BEIJING: China’s central health officials have asked their provincial counterparts to halt mandatory vaccination orders as some cities were reportedly found to adopt compulsory measures to meet the country’s goal of vaccinating 560 million people by June.
China is taking an approach of “getting the people who need it vaccinated and pushing forward vaccination in stages,” and as of Saturday, the country had administered 164.
47 million jabs, making it the second-fastest country in the world in terms of mass vaccination, Wu Liangyou, deputy head of the National Health Commission’s (NHC) disease control bureau told media on Sunday, the state-run Global Times reported.
NHC spokesperson Mi Feng said, “Some places adopted inappropriate measures, including a ‘one-size-fits-all’ or ‘compulsory for all’ approach, which needs to be corrected.”
Wu said in order to push forward the mass vaccination campaign, some places have not taken appropriate measures, though the situation is not widespread, and this reflects a lack of organisation and management.
In the latest case, officials from the township of Wancheng in South China’s Hainan Province revoked a controversial COVID-19 vaccine inoculation notice which claimed that people who are not vaccinated would be banned from public transport and entering public venues such as restaurants and supermarkets.
“We sincerely apologise for the improper way that we mobilised vaccination,” the local government said in a statement.
China has so far granted emergency nod for five vaccines but none of them have been approved by the World Health Organisation (WHO).
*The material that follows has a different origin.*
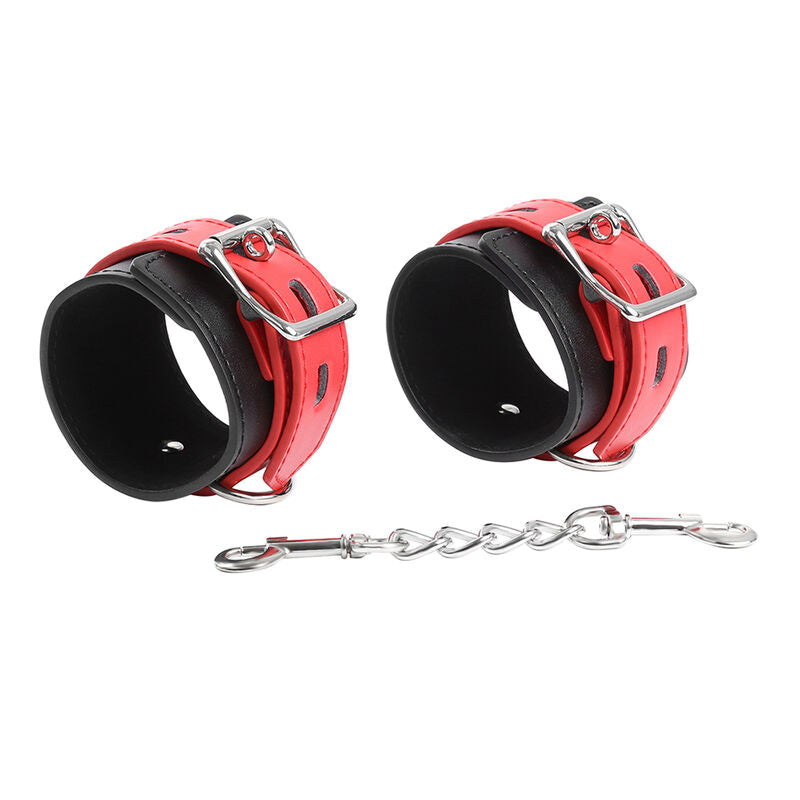 OHMAMA FETISH - MANETTE CON FIBBIA DI SICUREZZA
On Sunday, Chinese Centre for Disease Control and Prevention director Gao Fu stirred a controversy after he calling for mixing of the vaccines to improve their efficacy.
“The protection rates of all vaccines in the world are sometimes high, and sometimes low. How to improve their efficacy is a question that needs to be considered by scientists around the world,” Gao said.
“In this regard, adjusting the vaccination process in terms of the number of doses and intervals and considering sequential inoculation of different types of vaccines might be possible options,” he said.